We tested five sources of potential selection bias or exposure misclassification in sensitivity analyses to determine whether alternative methods of subject and exposure classification changed risk estimates by greater than an a priori criterion of 10%: a) Mosley et al. (2002) reported lower birth defects case ascertainment than expected in seven counties located at the eastern edge of the study area. We deleted subjects from these counties, reducing the sample size to 301 cases and 600 controls. b) Rural residences may have greater exposure potential than urban ones (Ward et al. 2000). We identified and removed subjects (210 cases, 419 controls) with residences within census-designated urban areas. c) Geocoding errors could have introduced exposure misclassification (Hurley et al. 2003; Ward et al. 2005). We removed subjects (47 cases, 137 controls) whose residences were geocoded to a precision below the point within the street segment of interest. d) Different degrees of severity of hypospadias may have different pathogeneses (Carmichael et al. 2003). We ran the model with cases specified as primary (216) then with secondary and tertiary cases together (62). e) No cropland data were available for 41 cases and 66 controls because of limitations in satellite imagery. These subjects were excluded from our analyses. We compared covariate information between the 1,081 included and 107 excluded subjects using t-tests.
Results
Characteristics of subjects and their parents are presented in Table 2. Most case and control mothers were Caucasian. Mean maternal and paternal ages, gestational age at birth, and birth weight were similar between case and controls groups (p > 0.05, t-test). Primiparity was slightly more common among case than control mothers, as were complications during labor or delivery (p < 0.05 for both). Reported alcohol use during pregnancy did not differ between groups (1% in both); however, fewer case mothers smoked during pregnancy than control mothers. This difference was not statistically significant (p > 0.05).
Table 2.
Characteristics of subjects and their parents by diagnosis of hypospadias.

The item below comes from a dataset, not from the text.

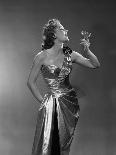 1950s WOMAN WEARING METALLIC EVENING GOWN HOLDING UP WINE GLASS PROFILE-Panoramic Images-Photographic Print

Characteristic | Cases (n = 354) | Controls (n = 727) |
---|---|---|
Subject | ||
Birth weight [g (mean ± SD)] | 3,183 ± 700.1 | 3,207 ± 761.0 |
Gestational age [weeks (mean ± SD)] | 38.2 ± 2.7 | 38.5 ± 2.2 |
1-Min Apgar score (mean ± SD)a | 7.5 ± 1.8 | 8.0 ± 1.2 |
5-Min Apgar score (mean ± SD)a | 8.7 ± 1.1 | 8.9 ± 0.8 |
Maternal | ||
Age [years (mean ± SD)] | 25.2 ± 6.0 | 24.7 ± 5.7 |
White race [no. (%)]a | 287 (81) | 530 (73) |
Black and other races [no. (%)] | 67 (19) | 197 (27) |
Hispanic ethnicity [no. (%)] | 7 (2) | 18 (2) |
Highest level of education completed [no. (%)] | ||
< 12th grade | 50 (14) | 145 (20) |
High school graduate | 143 (40) | 306 (42) |
Some college–undergraduate degree | 66 (19) | 153 (21) |
Graduate education | 63 (18) | 118 (16) |
Weight gain during pregnancy ± SD [lb (mean ± SD)] | 32.2 ± 15.8 | 31.3 ± 13.6 |
Month in which prenatal care began (mean ± SD) | 2.7 ± 1.6 | 2.5 ± 1.5 |
No. of prenatal visits (mean ± SD) | 11.1 ± 4.0 | 11.2 ± 4.5 |
Primiparous [no. (%)]a | 164 (46) | 233 (32) |
Used alcohol during pregnancy [no. (%)] | 5 (1) | 7 (1) |
Smoked during pregnancy [no. (%)] | 58 (16) | 135 (19) |
No. of cigarettes smoked per day (mean ± SD) | 2.3 ± 6.0 | 2.0 ± 5.4 |
Potential occupational exposure to endocrine-disrupting chemicals [no. (%)]b | 10 (3) | 18 (2) |
Complication during labor/delivery [no. (%)]a | 114 (32) | 186 (26) |
Paternal | ||
Age [years (mean ± SD)] | 28.1 ± 6.2 | 28.2 ± 6.7 |
White race [no. (%)] | 251 (71) | 548 (75) |
Black and other races [no. (%)] | 3 (1) | 13 (2) |
Hispanic ethnicity [no. (%)] | 3 (1) | 13 (2) |
Highest level of education completed [no. (%)] | ||
< 12th grade | 27 (8) | 86 (12) |
High school graduate | 136 (38) | 252 (35) |
Some college–undergraduate degree | 49 (14) | 106 (15) |
Graduate education | 50 (14) | 105 (14) |
Potential occupational exposure to endocrine-disrupting chemicals [no. (%)]b | 41 (12) | 62 (9) |
Test of difference in means/proportions statistically significant (alpha = 0.05).
Dichotomized using the job-exposure matrix for potential endocrine-disrupting chemicals developed by Van Tongeren et al. (2002).
Several characteristics were significantly associated with hypospadias. Delaying pre-natal care until the third trimester resulted in a 4-fold increase in risk [odds ratio (OR)adjusted = 4.04; 95% confidence interval (CI), 1.46–11.23). Older gestational age at birth and higher parity both resulted in a reduction of risk (ORadjusted = 0.91; 95% CI, 0.83–0.99, and ORadjusted = 0.79; 95% CI, 0.65–0.95, respectively). No other individual characteristics were significantly associated with hypospadias.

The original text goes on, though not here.